Mengacu pada Peraturan Presiden Nomor 59 Tahun 2017 tentang Pelaksanaan Pencapaian Tujuan Pembangunan Berkelanjutan (Sustainable Development Goals/SDGs) di Indonesia, baru-baru ini Indonesia telah meningkatkan penggunaan shore-connection yang sudah mulai diterapkan di pelabuhan-pelabuhan di Indonesia. Langkah ini diharapkan dapat mengurangi emisi gas buang kapal di pelabuhan.
Menurut Budi, Indonesia telah berkomitmen untuk mengurangi emisi gas rumah kaca 11persen pada 2030 untuk sektor energi, termasuk transportasi. Oleh karena itu, pertemuan yang diikuti sejumlah negara ini dijadikan sarana promosi sekaligus membangun kesadaran semua pihak untuk berkomitmen mengimplementasikan logistik hijau di negara-negara ASEAN dan Asia.
Dalam webinar ini, turut hadir para delegasi anggota ASEAN; delegasi Jepang; perwakilan dari Kementerian Lahan, Infrastruktur, dan Transportasi Jepang; perwakilan dari Kementerian Lingkungan Hidup Jepang; serta perwakilan Sekretariat ASEAN.

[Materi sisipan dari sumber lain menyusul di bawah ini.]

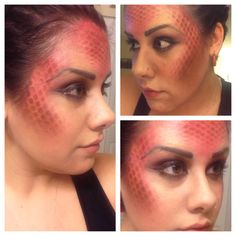 Red Dragon Makeup, Dragon Costume Women, Shrek Makeup, Shrek Rave, Shrek Halloween, Game Of Thrones House Targaryen, Shrek Dragon, Shrek Jr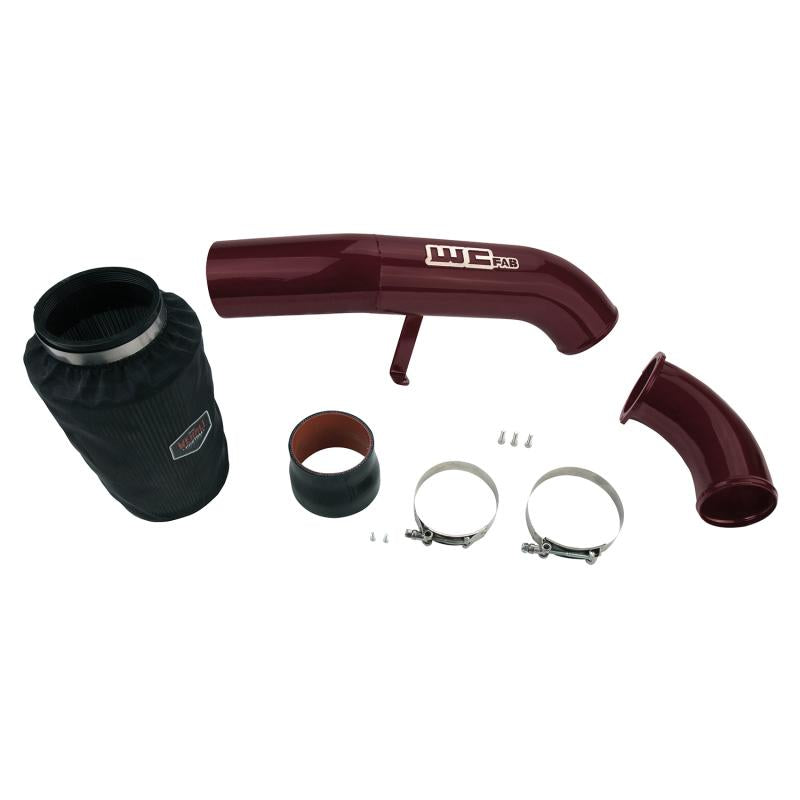 Wehrli 01-04 Chevrolet 6.6L LB7 Duramax 4in Intake Kit Stage 2 - WCFab Red WCF100636-RED Main Image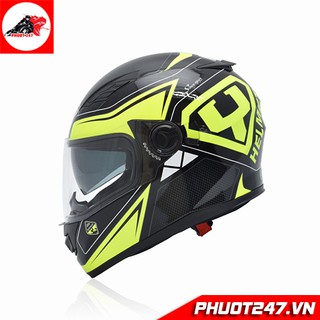 Mũ bảo hiểm fullface Yohe 970 - Đen vàng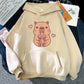 Capybara Hearts Boba Tea Hoodie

Ketua Institut Studi Transportasi Darmaningtyas mengatakan, penerapan logistik hijau tak bisa dilepaskan dari permasalahan sistem armada transportasi yang selama ini masih terjadi di Indonesia, yakni masalah kendaraan yang kelebihan dimensi dan muatan (over dimension over loading). Karena itu, pertama-tama yang harus dilakukan pemerintah adalah menghapus maraknya kendaraan dengan dimensi dan muatan berlebih.

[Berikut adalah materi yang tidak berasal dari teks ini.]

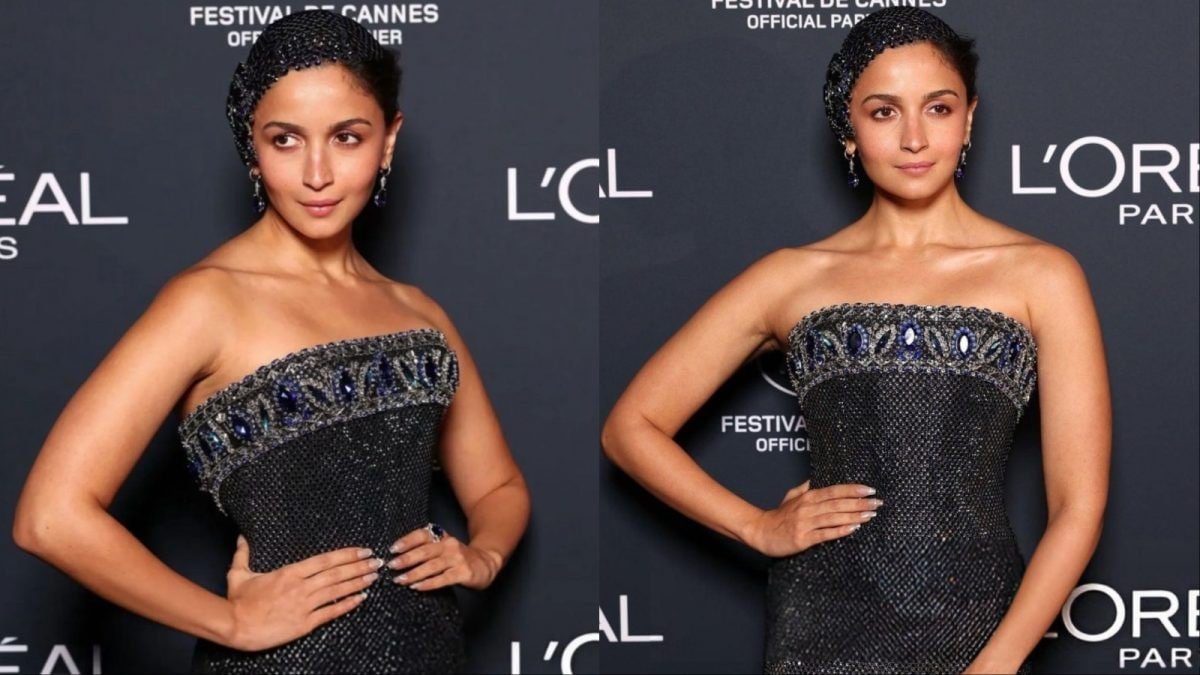Alia Bhatt's Second Look At Cannes Is All About Bejewelled Cosmic Glam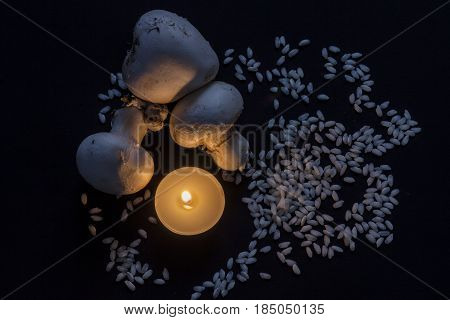 (It will be) a romantic and magic dinner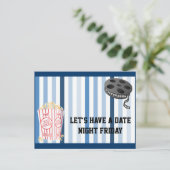 Datum nacht briefkaart (Staand voorkant)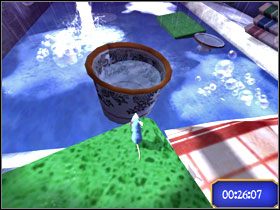 Skocz na kant pojemnika, a dalej na pływający talerz. - Dream Worlds - Dirty Dish Fright | Single-Player Minigames | Ratatuj - Ratatuj - poradnik do gry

”Jelas sekali, truk-truk yang terindikasi kelebihan muatan dan dimensi tidak ramah lingkungan. Dengan keberatan beban, otomatis jalannya lambat sehingga mengeluarkan polusi dalam jangka waktu yang lama. Kalau ingin menuju ke konsep logistik hijau, tidak boleh ada kendaraan dengan muatan dan dimensi berlebih lagi di jalan-jalan di Indonesia,” kata Darmaningtyas.
Selain itu, kata Darmaningtyas, seluruh kendaraan logistik harus memenuhi standar Euro 4 dan menggunakan energi baru atau terbarukan yang ramah lingkungan. Untuk wilayah Pulau Jawa, langkah yang harus dilakukan adalah memindahkan angkutan logistik dari truk ke kereta api.
Selain sistem logistik hijau, komitmen pada industri hijau juga tidak bisa diabaikan. Keduanya memainkan peranan penting. Beberapa pekan lalu, Menteri Perindustrian Agus Gumiwang Kartasasmita menyatakan, pemerintah sedang menyusun mekanisme fasilitas insentif untuk pelaku industri yang mewujudkan prinsip-prinsip industri hijau dan berkelanjutan di perusahaan masing-masing (Kompas, 12/6/2021).
Hal tersebut merupakan amanat dari Peraturan Presiden Nomor 29 Tahun 2018 tentang Pemberdayaan Industri. Fasilitas yang diberikan bisa dalam bentuk fiskal dan nonfiskal. Perencanaan pembangunan yang rendah karbon merupakan program prioritas yang sedang dikembangkan pemerintah.
Pemerintah menetapkan target penurunan emisi gas rumah kaca pada 2030 baik energi, sektor kehutanan, industri, pertanian, maupun pengolahan limbah (waste) sebesar 29 persen atau setara dengan 834 juta ton CO2 dengan usaha mandiri atau 41 persen (setara 1,08 miliar ton CO2) dengan bantuan internasional.